■ **Task item**
Make an exact copy of every entry.

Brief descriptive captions
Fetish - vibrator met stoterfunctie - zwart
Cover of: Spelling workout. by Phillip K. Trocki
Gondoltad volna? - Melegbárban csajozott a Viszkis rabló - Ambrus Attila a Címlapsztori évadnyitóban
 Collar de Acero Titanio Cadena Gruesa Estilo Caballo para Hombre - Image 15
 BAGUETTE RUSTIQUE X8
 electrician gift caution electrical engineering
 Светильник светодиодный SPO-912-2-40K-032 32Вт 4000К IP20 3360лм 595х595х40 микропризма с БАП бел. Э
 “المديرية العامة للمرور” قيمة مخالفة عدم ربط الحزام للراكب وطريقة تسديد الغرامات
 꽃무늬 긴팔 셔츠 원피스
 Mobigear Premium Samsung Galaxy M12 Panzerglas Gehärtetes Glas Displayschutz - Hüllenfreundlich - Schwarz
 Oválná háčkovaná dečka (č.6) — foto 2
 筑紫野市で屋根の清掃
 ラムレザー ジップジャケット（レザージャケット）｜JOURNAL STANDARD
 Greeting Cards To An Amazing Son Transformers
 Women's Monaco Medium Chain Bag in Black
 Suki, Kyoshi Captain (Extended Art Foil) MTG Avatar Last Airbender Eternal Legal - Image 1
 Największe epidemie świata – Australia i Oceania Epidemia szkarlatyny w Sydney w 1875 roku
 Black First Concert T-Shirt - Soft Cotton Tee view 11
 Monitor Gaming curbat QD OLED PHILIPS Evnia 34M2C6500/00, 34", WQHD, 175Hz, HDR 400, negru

■ **Answer box**
Fetish - vibrator met stoterfunctie - zwart
Cover of: Spelling workout. by Phillip K. Trocki
Gondoltad volna? - Melegbárban csajozott a Viszkis rabló - Ambrus Attila a Címlapsztori évadnyitóban
 Collar de Acero Titanio Cadena Gruesa Estilo Caballo para Hombre - Image 15
 BAGUETTE RUSTIQUE X8
 electrician gift caution electrical engineering
 Светильник светодиодный SPO-912-2-40K-032 32Вт 4000К IP20 3360лм 595х595х40 микропризма с БАП бел. Э
 “المديرية العامة للمرور” قيمة مخالفة عدم ربط الحزام للراكب وطريقة تسديد الغرامات
 꽃무늬 긴팔 셔츠 원피스
 Mobigear Premium Samsung Galaxy M12 Panzerglas Gehärtetes Glas Displayschutz - Hüllenfreundlich - Schwarz
 Oválná háčkovaná dečka (č.6) — foto 2
 筑紫野市で屋根の清掃
 ラムレザー ジップジャケット（レザージャケット）｜JOURNAL STANDARD
 Greeting Cards To An Amazing Son Transformers
 Women's Monaco Medium Chain Bag in Black
 Suki, Kyoshi Captain (Extended Art Foil) MTG Avatar Last Airbender Eternal Legal - Image 1
 Największe epidemie świata – Australia i Oceania Epidemia szkarlatyny w Sydney w 1875 roku
 Black First Concert T-Shirt - Soft Cotton Tee view 11
 Monitor Gaming curbat QD OLED PHILIPS Evnia 34M2C6500/00, 34", WQHD, 175Hz, HDR 400, negru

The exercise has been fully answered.